Clustering and Analysis of Tweets Related to Petrobras
DOI:
https://doi.org/10.12957/cadinf.2024.82401Resumo
This study aimed to cluster and analyze tweets associated with Petrobras, exploring its meaning and user profiles on social media to understand their impact on financial markets. The research applied a workflow including the data collection from Twitter's API (current X), preprocessing of tweets using Python libraries, word vectorization via Bag-of-Words (BoW) and Term Frequency-Inverse Document Frequency (TF-IDF), Principal Component Analysis (PCA) to reduce matrix dimensionality, and the K-means clustering technique. A total of 840 preprocessed tweets were clustered and analyzed for patterns related to Petrobras. Five clusters were identified in the initial analysis with no dimensionality reduction, showcasing differing characteristics, while the subsequent PCA-based analysis yielded three clusters showing contrasting themes in tweets.

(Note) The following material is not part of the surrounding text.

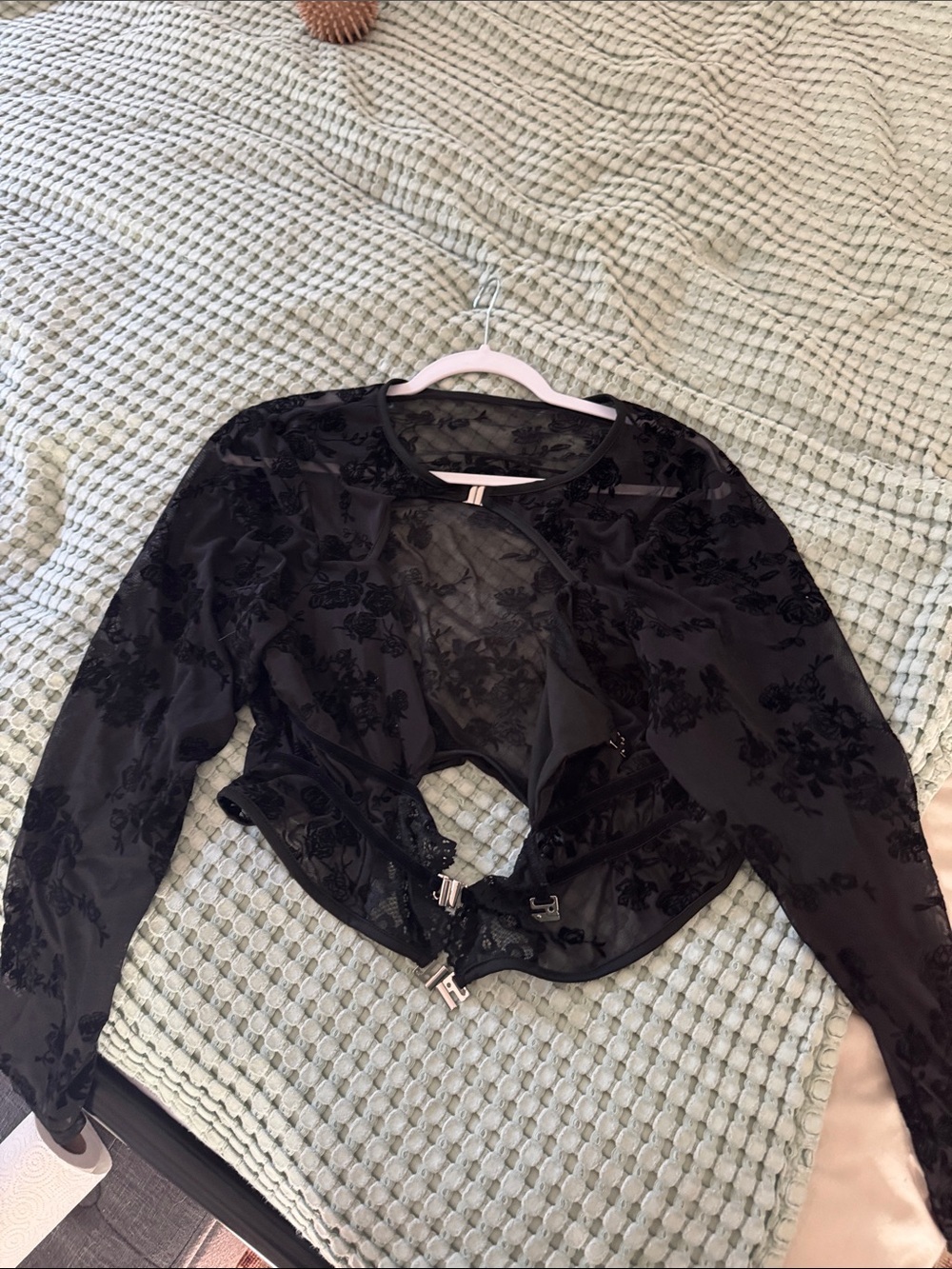 SHEIN Black Sheer Floral Lace top - Picture 5 of 5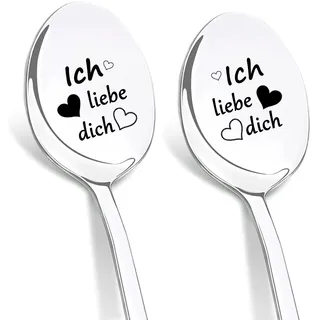 DIKARIYA Ich Liebe Dich Löffel, 2er Kaffeelöffel mit Gravur Ich Liebe Dich Geschenke für Männer, Jahrestag Geschenk für Ihn, Liebeslöffel Lieblingsmensch Hochzeitstag Geschenke für Sie Frauen Freundin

The PCA-based analysis showed grouped tweets about the market and economy (cluster 0), while cluster 1 was related to political concerns. Limitations included reliance on publicly available Twitter data, constraints due to the quantity and nature of tweets, and potential biases in sentiment analysis due to informal language and sarcasm. The research underscores the potential of unsupervised machine learning techniques in analyzing sentiments and user profiles related to financial markets. Insights derived from tweet clustering could aid investors in gauging market sentiment.